Aim of the exercise | Leave the pictures out, and repeat exactly each line from the one that holds "Brandweer bevrijdt Kind uit fietswiel" through the final line of the entries below.

Records to process |
"""

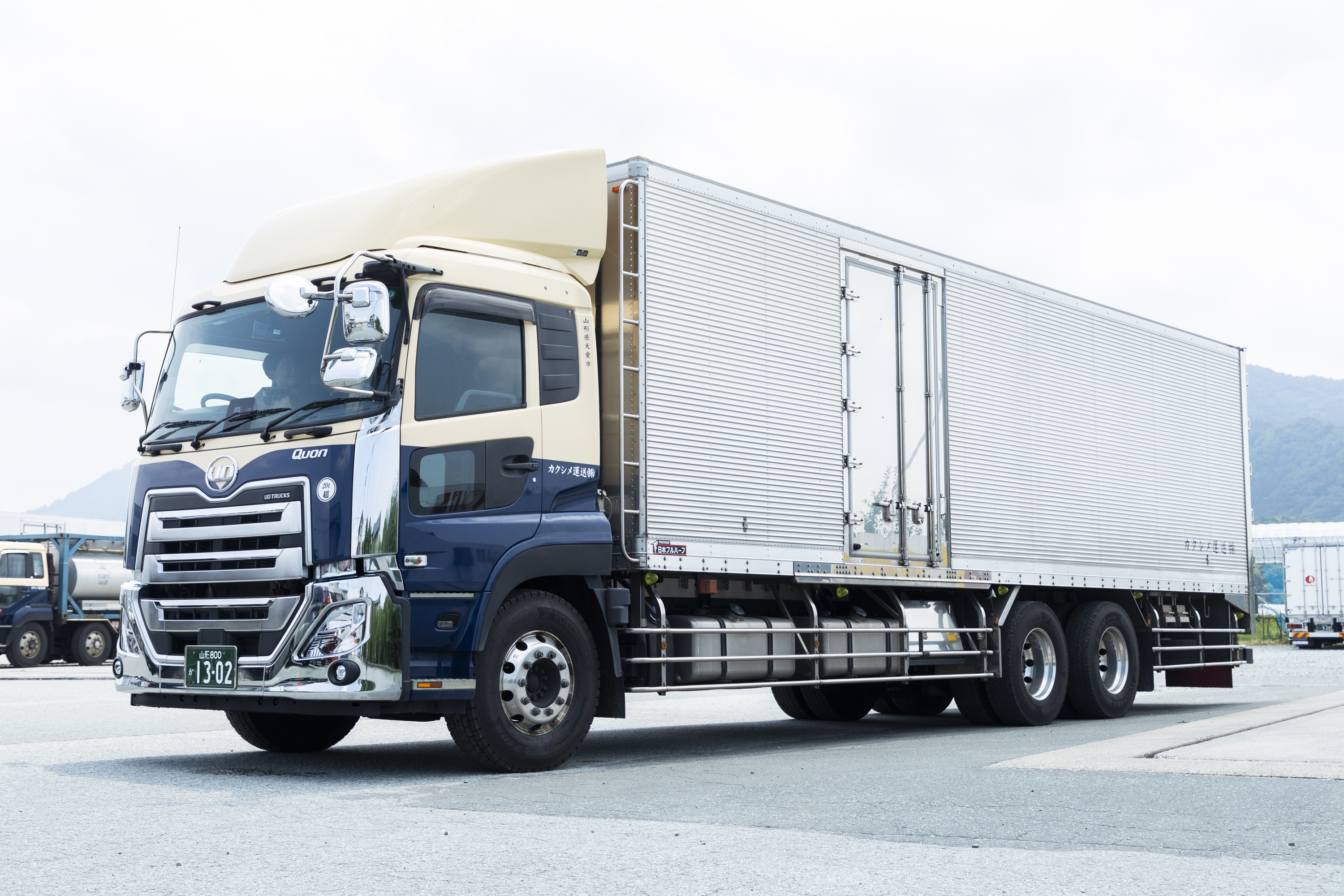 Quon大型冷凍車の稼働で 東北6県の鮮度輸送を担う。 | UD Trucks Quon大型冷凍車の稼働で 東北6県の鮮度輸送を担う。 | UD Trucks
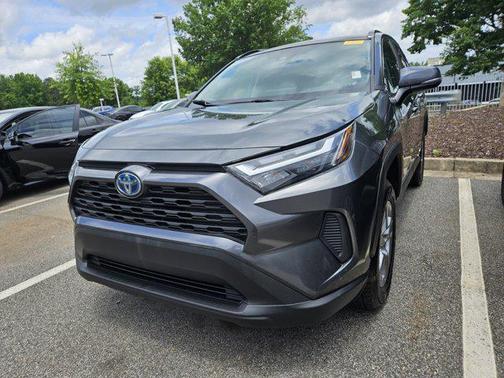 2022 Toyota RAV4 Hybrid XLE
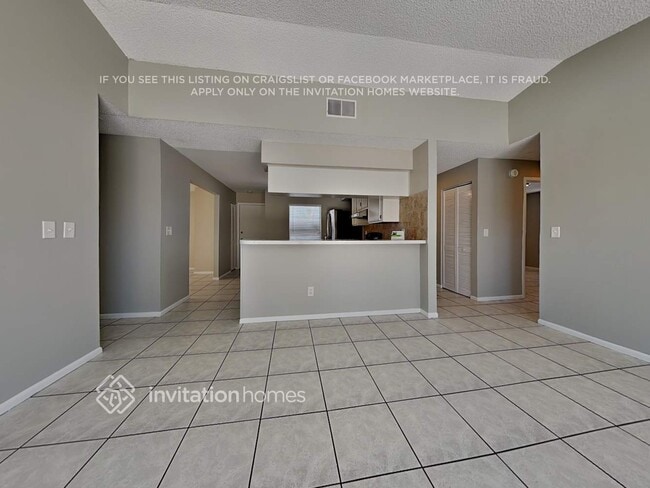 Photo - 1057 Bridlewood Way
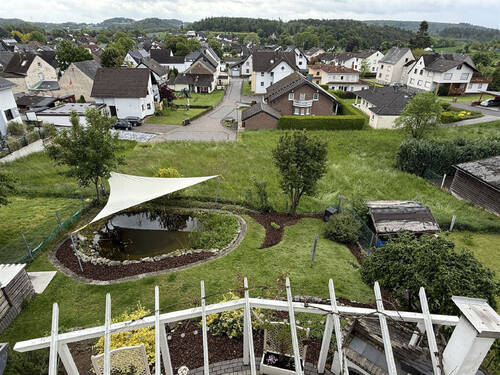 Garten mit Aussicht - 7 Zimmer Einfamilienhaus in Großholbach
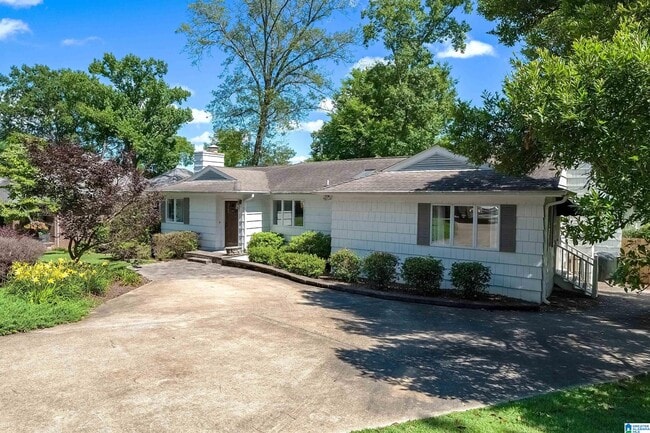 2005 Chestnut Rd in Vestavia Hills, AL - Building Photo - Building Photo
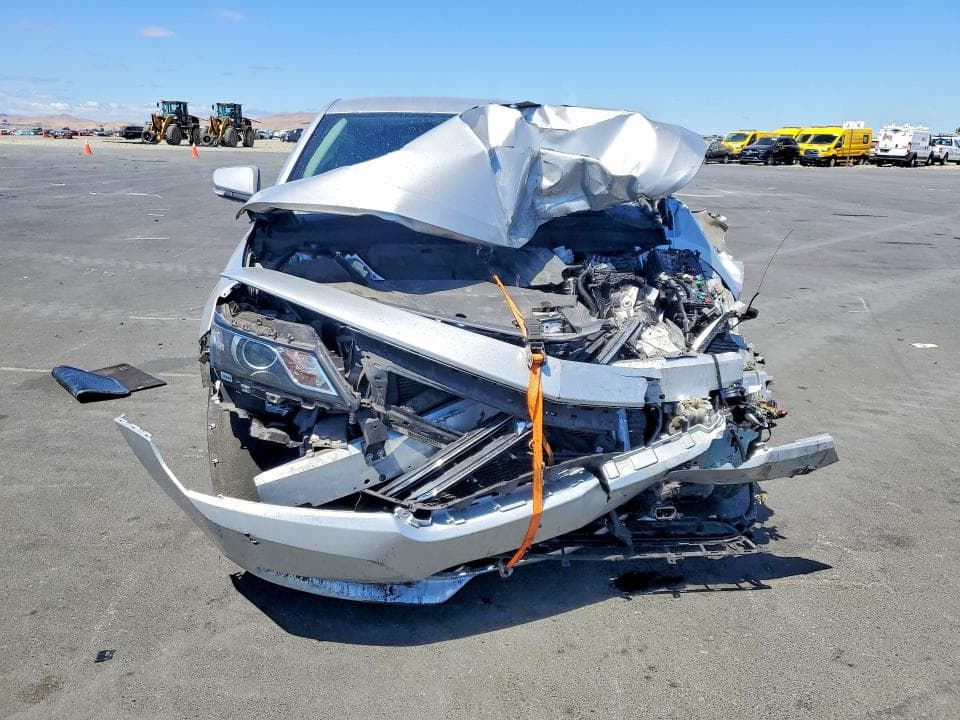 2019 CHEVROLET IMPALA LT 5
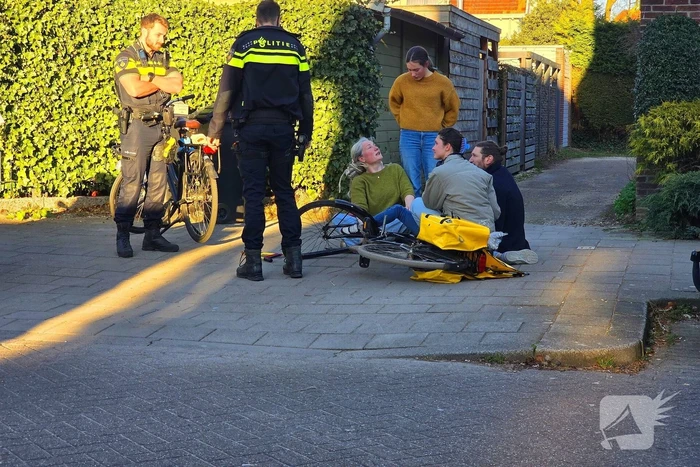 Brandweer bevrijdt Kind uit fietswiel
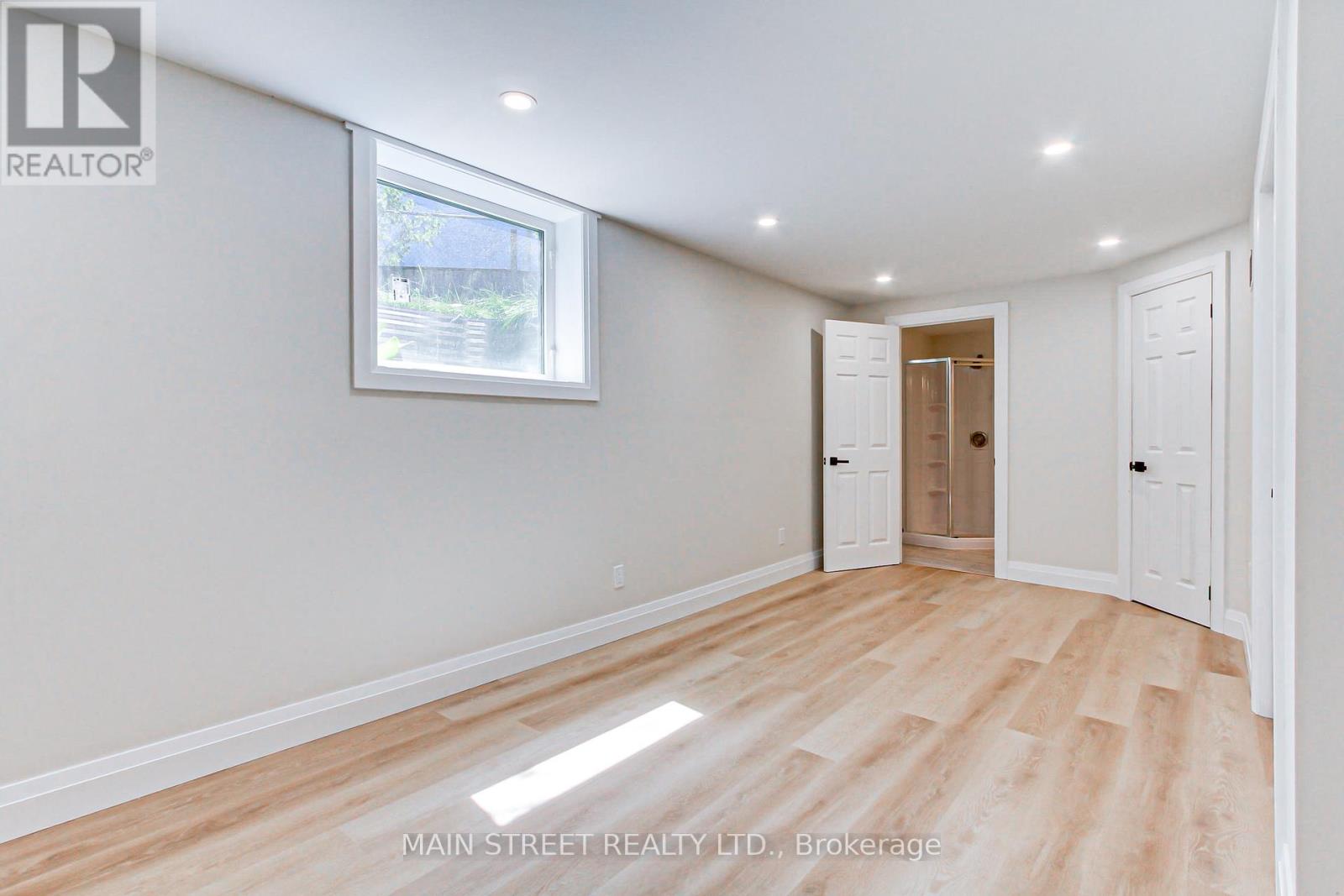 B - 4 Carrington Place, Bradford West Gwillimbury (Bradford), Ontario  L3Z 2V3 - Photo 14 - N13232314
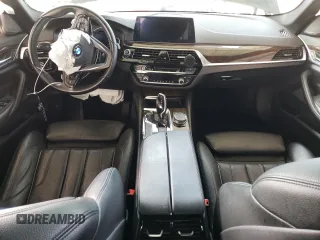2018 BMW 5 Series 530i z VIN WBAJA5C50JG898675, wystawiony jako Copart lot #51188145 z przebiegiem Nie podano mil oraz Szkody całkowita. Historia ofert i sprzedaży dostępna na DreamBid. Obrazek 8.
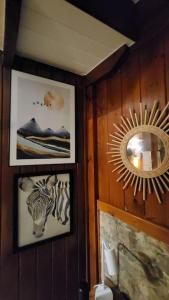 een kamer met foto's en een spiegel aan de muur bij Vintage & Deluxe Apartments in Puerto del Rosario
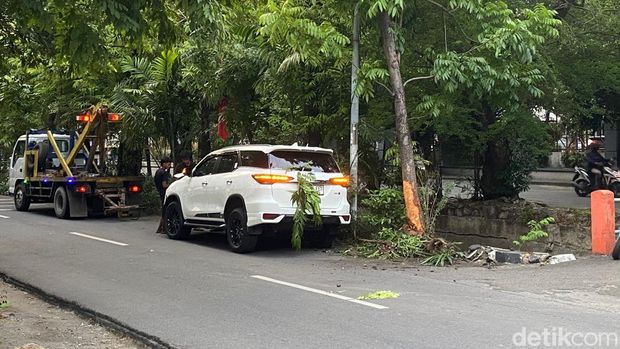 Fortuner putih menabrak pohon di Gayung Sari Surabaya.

"""

Response below |
 Brandweer bevrijdt Kind uit fietswiel
 B - 4 Carrington Place, Bradford West Gwillimbury (Bradford), Ontario  L3Z 2V3 - Photo 14 - N13232314
2018 BMW 5 Series 530i z VIN WBAJA5C50JG898675, wystawiony jako Copart lot #51188145 z przebiegiem Nie podano mil oraz Szkody całkowita. Historia ofert i sprzedaży dostępna na DreamBid. Obrazek 8.
 een kamer met foto's en een spiegel aan de muur bij Vintage & Deluxe Apartments in Puerto del Rosario
 Fortuner putih menabrak pohon di Gayung Sari Surabaya.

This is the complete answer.